• **WORK ORDER**
After locating the line that contains "五子夺算&middot;后编02-第133话" in the data below, set down exactly that line and each one after it through the line that contains "Genshin illustration collection", and nothing more.

SUPPLIED ENTRIES Start Marker

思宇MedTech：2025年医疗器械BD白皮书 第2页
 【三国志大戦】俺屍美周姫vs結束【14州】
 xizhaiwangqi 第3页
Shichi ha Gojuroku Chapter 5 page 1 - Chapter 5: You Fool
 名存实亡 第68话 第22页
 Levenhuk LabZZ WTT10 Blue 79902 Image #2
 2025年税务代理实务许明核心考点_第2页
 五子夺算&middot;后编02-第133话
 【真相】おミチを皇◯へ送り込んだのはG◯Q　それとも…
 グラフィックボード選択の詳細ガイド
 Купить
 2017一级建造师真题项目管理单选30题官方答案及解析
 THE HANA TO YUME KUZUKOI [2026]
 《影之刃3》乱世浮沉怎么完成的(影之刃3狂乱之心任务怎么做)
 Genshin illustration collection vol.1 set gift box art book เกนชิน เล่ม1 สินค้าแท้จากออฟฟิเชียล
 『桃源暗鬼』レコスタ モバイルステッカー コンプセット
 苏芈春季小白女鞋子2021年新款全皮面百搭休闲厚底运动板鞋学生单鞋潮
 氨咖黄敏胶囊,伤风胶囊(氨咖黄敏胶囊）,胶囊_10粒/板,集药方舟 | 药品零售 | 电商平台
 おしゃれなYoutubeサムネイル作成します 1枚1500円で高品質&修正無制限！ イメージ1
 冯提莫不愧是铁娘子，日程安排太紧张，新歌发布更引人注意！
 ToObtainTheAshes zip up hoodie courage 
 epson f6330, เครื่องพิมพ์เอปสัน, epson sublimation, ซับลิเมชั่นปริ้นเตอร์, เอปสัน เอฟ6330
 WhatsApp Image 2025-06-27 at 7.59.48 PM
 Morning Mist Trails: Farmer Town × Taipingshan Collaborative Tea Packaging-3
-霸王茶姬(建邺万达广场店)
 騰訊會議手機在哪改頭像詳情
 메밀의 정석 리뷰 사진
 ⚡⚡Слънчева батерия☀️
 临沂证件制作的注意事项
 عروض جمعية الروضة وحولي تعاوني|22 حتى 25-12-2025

SUPPLIED ENTRIES End Marker

• **YOUR RESPONSE**
 五子夺算&middot;后编02-第133话
 【真相】おミチを皇◯へ送り込んだのはG◯Q　それとも…
 グラフィックボード選択の詳細ガイド
 Купить
 2017一级建造师真题项目管理单选30题官方答案及解析
 THE HANA TO YUME KUZUKOI [2026]
 《影之刃3》乱世浮沉怎么完成的(影之刃3狂乱之心任务怎么做)
 Genshin illustration collection vol.1 set gift box art book เกนชิน เล่ม1 สินค้าแท้จากออฟฟิเชียล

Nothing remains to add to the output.